Print the entire listing. Each line must match the original exactly.
═══ Source records ═══
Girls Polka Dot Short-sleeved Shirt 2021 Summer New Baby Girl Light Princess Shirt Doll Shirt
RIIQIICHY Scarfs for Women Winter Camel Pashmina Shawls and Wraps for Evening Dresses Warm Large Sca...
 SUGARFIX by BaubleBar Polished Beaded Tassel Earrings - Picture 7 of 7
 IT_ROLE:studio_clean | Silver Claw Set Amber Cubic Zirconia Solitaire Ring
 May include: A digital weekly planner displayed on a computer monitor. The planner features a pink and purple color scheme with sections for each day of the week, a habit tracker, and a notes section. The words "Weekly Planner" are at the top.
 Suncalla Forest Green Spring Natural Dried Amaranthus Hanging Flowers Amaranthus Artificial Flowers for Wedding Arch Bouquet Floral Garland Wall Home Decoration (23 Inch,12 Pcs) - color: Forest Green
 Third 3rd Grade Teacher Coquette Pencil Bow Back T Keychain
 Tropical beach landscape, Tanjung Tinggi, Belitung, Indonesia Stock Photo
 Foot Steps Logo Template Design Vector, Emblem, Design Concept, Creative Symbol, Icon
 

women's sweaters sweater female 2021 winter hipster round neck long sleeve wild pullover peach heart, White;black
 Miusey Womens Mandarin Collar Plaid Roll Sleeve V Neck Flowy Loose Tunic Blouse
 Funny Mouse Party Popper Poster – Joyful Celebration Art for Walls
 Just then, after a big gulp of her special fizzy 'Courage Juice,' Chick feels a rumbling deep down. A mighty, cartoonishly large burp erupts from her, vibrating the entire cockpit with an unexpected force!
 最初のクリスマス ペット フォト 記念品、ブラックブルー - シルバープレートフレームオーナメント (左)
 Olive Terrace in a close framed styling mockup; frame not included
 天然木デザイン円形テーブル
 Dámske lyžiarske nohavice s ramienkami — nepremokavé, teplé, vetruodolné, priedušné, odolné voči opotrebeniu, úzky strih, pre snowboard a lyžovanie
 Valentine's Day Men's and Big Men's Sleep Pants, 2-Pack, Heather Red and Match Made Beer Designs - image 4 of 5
═══
## Written solution
Girls Polka Dot Short-sleeved Shirt 2021 Summer New Baby Girl Light Princess Shirt Doll Shirt
RIIQIICHY Scarfs for Women Winter Camel Pashmina Shawls and Wraps for Evening Dresses Warm Large Sca...
 SUGARFIX by BaubleBar Polished Beaded Tassel Earrings - Picture 7 of 7
 IT_ROLE:studio_clean | Silver Claw Set Amber Cubic Zirconia Solitaire Ring
 May include: A digital weekly planner displayed on a computer monitor. The planner features a pink and purple color scheme with sections for each day of the week, a habit tracker, and a notes section. The words "Weekly Planner" are at the top.
 Suncalla Forest Green Spring Natural Dried Amaranthus Hanging Flowers Amaranthus Artificial Flowers for Wedding Arch Bouquet Floral Garland Wall Home Decoration (23 Inch,12 Pcs) - color: Forest Green
 Third 3rd Grade Teacher Coquette Pencil Bow Back T Keychain
 Tropical beach landscape, Tanjung Tinggi, Belitung, Indonesia Stock Photo
 Foot Steps Logo Template Design Vector, Emblem, Design Concept, Creative Symbol, Icon
 

women's sweaters sweater female 2021 winter hipster round neck long sleeve wild pullover peach heart, White;black
 Miusey Womens Mandarin Collar Plaid Roll Sleeve V Neck Flowy Loose Tunic Blouse
 Funny Mouse Party Popper Poster – Joyful Celebration Art for Walls
 Just then, after a big gulp of her special fizzy 'Courage Juice,' Chick feels a rumbling deep down. A mighty, cartoonishly large burp erupts from her, vibrating the entire cockpit with an unexpected force!
 最初のクリスマス ペット フォト 記念品、ブラックブルー - シルバープレートフレームオーナメント (左)
 Olive Terrace in a close framed styling mockup; frame not included
 天然木デザイン円形テーブル
 Dámske lyžiarske nohavice s ramienkami — nepremokavé, teplé, vetruodolné, priedušné, odolné voči opotrebeniu, úzky strih, pre snowboard a lyžovanie
 Valentine's Day Men's and Big Men's Sleep Pants, 2-Pack, Heather Red and Match Made Beer Designs - image 4 of 5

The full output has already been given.